Even as an adult, back in my hometown, the cliques were still there. Same whispers. Same judgment. I volunteered my time, my energy—and felt invisible. It took moving out of state to finally learn:
My people would come when I was finally willing to show up as myself.
Now, my circle is small—and chosen. I keep people close who make me better. And I hope I do the same for them.
💣 The High Cost of Performing
Here’s what all that performing cost me:
- Smiling when I wanted to scream.
- Saying yes when my body was begging for a no.
- Making sure everyone else was happy so I could pretend I was too.
I thought being easy to love meant being easy to swallow.
That if I kept everyone else comfortable, I’d finally feel safe.
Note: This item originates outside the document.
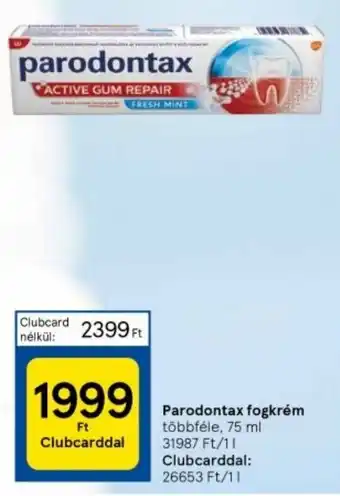 Tesco Parodontax fogkrém 75 ml ajánlat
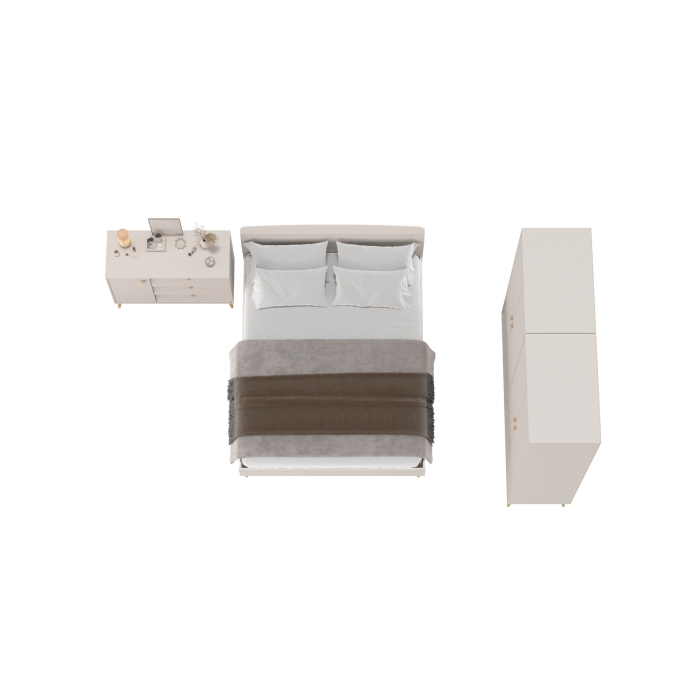 Афина Спальня 18-1600, цвет кашемир серый, сп.м. 1600х2000 мм., б/м, основание есть - фанера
That if I kept everyone else comfortable, I’d finally feel safe.
But the truth?
All it did was disconnect me—from my voice, my body, and my f*cking soul.
🧠The Body Doesn’t Lie… But It Does Protect
So how do we stop performing? We stop outsourcing our truth and we get in the damn body.
Because here’s the thing:
Your body doesn’t lie, but she does protect. She’s not betraying you, she’s been guarding you. Every clench, every ache, every frozen smile is her waving a red flag:
“Hey babe, this isn’t safe. This isn’t truth. This isn’t you.”
Your body doesn’t people-please. She doesn’t perform. She reacts. She resists. She remembers. The trauma living in your body isn’t random. It’s not weakness. It’s your nervous system doing its job—keeping you safe.
- That tight throat when you try to speak your truth?
That’s the echo of being shut down. - That locked jaw in your “nice girl” smile?
That’s muscle memory from pretending you were okay. - That pit in your stomach when you swallow your no?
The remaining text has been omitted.